The first two items in the above list are not directly related to analysing the economic impacts of a transition to a low-carbon economy. They are much more related to introducing the production and investment decisions of activities in more appropriate ways. The third one is a crucial feature of the I3E model since it allows us to quantify the differentiated impacts of a policy change; for instance, an increase in the carbon tax, across production activities. If a sector has more substitution possibilities across the energy commodities, the higher level of the carbon tax leads the sector switching from fossil fuels to cleaner energy commodities to meet its energy demand. On the other hand, if a sector has limited or no possibility to switch its energy demand, the sector is hit harder due to impacts on its cost of production (higher carbon tax increases the cost of energy since the firm has to use the energy commodities with a carbon content) and thus the sectoral value-added and labour demand. The fourth component also plays a substantial role in an analysis of transitioning to a low-carbon economy as the ETS coverage of sectoral emissions and the EU-ETS price of allowances directly affects the cost of production.

Commodities

The SUTs also include 58 products and provide the sources of total domestic supply and demand. These products are firstly merged into 29 commodities, and then the broader energy commodities are disaggregated into energy commodities, resulting in a total of 39 unique commodities in the I3E model. The energy/carbon commodities included in I3E are:

  • peat
  • coal
  • natural gas
  • diesel
  • gasoline
  • kerosene
  • LPG
  • crude oil
  • fuel oil
  • other petroleum products
  • electricity

The total supply of a commodity comes from two sources: domestic production and imports. Out of 39 commodities, 37 are domestically produced, and 33 of them are also imported, i.e. four commodities are supplied entirely by domestic producers (education services, residential services, construction, and peat). On the other hand, there is no domestic production of crude oil and coal, and they are entirely imported. The total domestic demand for a commodity c is equal to the sum of six items:

  • intermediate input demand is the sum of all activities' optimal level of demand, which comes from the cost minimisation problem of activities;
  • private (household) demand is the sum of all households' optimal level of consumption and stems from the utility maximisation problem;
  • government demand is a fixed fraction of total government demand for commodities;
  • investment demand, i.e. investment by origin, is a fixed fraction of total investment expenditures of activities,
  • trade and transportation margin demand is a fixed fraction of total domestic supply of commodity c; and finally,
  • export demand is a function of the domestic price and foreign price of commodity c and the substitution elasticity of these two commodities.

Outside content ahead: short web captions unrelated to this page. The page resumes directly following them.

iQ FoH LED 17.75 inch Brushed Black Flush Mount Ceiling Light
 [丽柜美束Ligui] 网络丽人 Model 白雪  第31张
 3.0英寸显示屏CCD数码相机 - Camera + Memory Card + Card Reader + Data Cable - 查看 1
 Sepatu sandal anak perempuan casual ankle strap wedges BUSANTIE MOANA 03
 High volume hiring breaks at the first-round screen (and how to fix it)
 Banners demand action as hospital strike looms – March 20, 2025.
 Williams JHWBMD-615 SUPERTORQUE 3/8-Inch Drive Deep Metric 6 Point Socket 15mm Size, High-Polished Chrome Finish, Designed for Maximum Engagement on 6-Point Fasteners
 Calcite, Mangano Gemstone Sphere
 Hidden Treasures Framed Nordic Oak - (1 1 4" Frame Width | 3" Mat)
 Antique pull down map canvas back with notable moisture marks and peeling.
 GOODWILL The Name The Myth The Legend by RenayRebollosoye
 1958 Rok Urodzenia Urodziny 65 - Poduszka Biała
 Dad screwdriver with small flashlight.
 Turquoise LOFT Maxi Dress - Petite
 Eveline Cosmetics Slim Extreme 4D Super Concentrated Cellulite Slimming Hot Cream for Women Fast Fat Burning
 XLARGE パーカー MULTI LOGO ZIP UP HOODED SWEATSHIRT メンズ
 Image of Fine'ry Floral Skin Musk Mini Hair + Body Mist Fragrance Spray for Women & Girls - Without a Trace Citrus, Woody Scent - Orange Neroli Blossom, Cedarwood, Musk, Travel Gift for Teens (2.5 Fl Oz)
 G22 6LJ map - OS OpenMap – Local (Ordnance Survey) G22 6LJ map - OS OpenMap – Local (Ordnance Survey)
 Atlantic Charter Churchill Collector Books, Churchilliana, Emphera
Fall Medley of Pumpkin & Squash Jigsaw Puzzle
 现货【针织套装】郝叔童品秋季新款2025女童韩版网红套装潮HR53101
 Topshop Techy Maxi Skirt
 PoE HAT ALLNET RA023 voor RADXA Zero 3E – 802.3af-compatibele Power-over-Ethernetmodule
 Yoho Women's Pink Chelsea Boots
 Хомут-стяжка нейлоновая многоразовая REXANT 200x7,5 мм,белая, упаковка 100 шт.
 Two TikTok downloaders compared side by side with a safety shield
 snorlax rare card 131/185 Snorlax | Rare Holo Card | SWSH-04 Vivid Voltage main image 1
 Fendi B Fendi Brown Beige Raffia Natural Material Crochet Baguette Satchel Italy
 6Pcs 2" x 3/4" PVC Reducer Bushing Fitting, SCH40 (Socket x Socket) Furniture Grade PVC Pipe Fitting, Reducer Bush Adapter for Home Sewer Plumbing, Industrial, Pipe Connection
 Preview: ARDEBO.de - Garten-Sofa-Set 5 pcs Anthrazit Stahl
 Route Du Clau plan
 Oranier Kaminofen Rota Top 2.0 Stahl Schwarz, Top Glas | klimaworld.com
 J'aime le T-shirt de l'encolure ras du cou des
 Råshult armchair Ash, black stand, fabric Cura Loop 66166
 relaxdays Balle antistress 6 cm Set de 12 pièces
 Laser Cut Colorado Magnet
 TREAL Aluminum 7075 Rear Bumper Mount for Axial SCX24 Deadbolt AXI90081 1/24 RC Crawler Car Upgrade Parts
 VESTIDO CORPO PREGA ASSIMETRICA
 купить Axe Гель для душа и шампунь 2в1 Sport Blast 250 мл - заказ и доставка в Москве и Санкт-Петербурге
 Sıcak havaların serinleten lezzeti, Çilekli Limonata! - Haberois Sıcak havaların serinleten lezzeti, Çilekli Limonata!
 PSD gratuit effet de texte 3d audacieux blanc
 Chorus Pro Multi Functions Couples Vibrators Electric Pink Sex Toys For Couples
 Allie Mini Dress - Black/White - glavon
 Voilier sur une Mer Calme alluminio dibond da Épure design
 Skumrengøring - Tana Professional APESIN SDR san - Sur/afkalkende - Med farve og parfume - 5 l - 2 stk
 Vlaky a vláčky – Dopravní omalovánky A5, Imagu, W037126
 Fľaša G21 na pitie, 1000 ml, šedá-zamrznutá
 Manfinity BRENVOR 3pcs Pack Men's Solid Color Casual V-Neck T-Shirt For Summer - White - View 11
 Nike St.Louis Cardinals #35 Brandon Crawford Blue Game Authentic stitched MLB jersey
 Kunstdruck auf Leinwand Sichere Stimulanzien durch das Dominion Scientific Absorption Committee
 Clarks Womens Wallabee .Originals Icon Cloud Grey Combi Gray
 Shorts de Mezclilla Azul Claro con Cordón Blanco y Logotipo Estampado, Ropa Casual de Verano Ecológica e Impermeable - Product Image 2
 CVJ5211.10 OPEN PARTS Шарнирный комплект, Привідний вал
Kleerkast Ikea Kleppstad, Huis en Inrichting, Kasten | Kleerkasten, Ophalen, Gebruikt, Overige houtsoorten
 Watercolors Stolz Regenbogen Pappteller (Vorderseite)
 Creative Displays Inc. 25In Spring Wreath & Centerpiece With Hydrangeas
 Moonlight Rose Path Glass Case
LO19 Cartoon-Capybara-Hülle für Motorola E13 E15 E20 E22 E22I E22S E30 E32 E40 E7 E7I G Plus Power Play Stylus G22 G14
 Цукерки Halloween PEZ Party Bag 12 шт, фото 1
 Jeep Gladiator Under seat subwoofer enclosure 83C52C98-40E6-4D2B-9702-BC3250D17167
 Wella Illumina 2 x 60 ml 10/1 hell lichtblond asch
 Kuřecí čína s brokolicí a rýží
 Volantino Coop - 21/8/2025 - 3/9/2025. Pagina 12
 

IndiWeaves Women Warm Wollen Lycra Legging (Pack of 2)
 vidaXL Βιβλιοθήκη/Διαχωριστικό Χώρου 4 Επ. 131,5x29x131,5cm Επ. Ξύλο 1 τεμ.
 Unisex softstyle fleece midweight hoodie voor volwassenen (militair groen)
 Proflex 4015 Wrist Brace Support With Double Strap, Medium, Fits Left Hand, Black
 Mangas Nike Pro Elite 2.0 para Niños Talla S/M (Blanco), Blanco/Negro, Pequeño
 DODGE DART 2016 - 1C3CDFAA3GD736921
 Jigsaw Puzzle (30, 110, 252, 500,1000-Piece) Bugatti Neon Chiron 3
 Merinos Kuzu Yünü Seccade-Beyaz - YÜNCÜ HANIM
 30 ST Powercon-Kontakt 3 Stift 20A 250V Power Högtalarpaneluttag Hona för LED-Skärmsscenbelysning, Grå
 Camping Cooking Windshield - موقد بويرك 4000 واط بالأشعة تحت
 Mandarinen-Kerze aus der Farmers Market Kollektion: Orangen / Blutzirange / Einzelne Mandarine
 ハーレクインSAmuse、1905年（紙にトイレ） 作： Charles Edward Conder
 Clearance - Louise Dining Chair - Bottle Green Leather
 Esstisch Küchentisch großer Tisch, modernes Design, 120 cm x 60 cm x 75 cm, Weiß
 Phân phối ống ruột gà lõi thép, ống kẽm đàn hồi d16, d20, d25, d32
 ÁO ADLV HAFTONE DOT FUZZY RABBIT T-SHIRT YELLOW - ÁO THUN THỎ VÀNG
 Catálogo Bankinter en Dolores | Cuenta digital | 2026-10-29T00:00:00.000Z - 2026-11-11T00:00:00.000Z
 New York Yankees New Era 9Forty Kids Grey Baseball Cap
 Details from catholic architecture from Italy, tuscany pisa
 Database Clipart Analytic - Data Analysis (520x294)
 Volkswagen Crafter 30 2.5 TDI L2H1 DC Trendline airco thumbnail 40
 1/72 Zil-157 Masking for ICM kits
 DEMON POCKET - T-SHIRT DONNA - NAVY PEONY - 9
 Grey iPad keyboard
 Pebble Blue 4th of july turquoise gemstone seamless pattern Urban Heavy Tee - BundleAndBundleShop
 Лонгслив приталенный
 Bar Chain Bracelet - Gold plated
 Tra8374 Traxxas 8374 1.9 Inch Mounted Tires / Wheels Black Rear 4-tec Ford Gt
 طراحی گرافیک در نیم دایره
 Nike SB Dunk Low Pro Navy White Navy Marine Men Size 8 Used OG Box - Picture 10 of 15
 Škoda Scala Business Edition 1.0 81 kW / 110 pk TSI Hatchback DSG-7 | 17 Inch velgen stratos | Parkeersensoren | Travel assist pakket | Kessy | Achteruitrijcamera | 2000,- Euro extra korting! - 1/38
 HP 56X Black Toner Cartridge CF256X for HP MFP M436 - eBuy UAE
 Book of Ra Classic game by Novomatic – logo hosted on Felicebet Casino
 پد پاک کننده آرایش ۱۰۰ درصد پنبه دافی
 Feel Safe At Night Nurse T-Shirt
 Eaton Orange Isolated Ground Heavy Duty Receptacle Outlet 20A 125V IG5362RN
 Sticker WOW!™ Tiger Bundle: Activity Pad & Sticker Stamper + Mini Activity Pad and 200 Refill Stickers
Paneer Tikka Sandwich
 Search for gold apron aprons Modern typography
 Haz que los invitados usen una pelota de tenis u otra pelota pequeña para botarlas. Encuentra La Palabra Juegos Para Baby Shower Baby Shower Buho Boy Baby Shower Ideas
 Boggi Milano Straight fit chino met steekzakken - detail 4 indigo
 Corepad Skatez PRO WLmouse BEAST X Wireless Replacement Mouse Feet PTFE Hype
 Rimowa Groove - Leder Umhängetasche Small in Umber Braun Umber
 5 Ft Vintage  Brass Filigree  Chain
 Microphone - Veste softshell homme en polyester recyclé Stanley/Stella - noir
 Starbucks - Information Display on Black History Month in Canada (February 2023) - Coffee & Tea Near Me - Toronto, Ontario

The transition to a low-carbon economy mainly includes the phasing out of fossil fuels, especially peat and coal, in space heating (primarily demanded by households) and electricity production. The electricity production sector's energy demand will change in favour of renewable energy sources and households will use electric heating systems. In this respect, as the demand on the aforementioned energy commodities (except natural gas and electricity) declines, the supply of these commodities shrinks, and thus the composition of domestic production will change. Therefore, the explicit introduction of all energy commodities is an essential feature of the I3E in analysing the economic impacts of the transition.

Labour Market          

There are three types of labour in the I3E model: low-skilled, medium-skilled, and high-skilled. In order to introduce the composition of household wage income regarding the labour types, the Survey on Income and Living Conditions (SILC) is utilised, as the HBS does not provide individual-level information. In the SILC, all households are uniquely assigned to an I3E RHG, and the compositions of wage income by RHGs are retrieved by considering the level of educational attainment of all working members of the households. For the production activities' labour demand by types of labour, the Labour Force Survey (LFS) is utilised. This level of detail provides a better understanding of the impacts on various types of labours and thus household wage income which is the main component of household disposable income.

Net migration flows to Ireland play an important role in the labour market structure in Ireland. In periods of economic expansion, for instance, as the wage rate increases and the unemployment rate decreases, the net migration into Ireland and thus the total labour supply in the economy increases. As the higher supply of labour lessens the upward pressure on the wage rate, firms are able to hire more employees without increasing their labour costs substantially. In periods of economic contraction, on the other hand, decreasing emigration lowers the total labour supply and prevents both larger declines in the wage rate and increases in the unemployment rate. In other words, net migration plays an important cushioning role in the Irish labour market. In order to reflect the structure of the Irish labour market, the model incorporates involuntary unemployment and international migration. In the model, the total net migration is a function of the per-employee real net-of-tax wage income differential between Ireland and the rest of the world. As there are three types of labour in the I3E model, the disaggregation of the total net migration figure across the labour types is required. To this end, the LFS data is utilised to calibrate the share parameter of each type of labour in the total migration and the net migration by skill type is calculated. The total labour supply of each type of labour is the sum of the net migration and the fraction of the Irish population that participates in the labour market. In this version of the model, the participation rate is assumed to be a parameter, i.e. the labour supply decision of the Irish population does not respond to changes in the labour market. The level of unemployment is the difference between the total labour supply and the total labour demand stemming from the cost-minimisation problem of firms. For a given level of unemployment for each type of labour, the unemployment rate is calculated as a per cent of total labour supply, i.e. labour force. The equilibrium wage rate for each type of labour is determined by separate wage equations which relate the log of wage rate to the log of the unemployment rate.    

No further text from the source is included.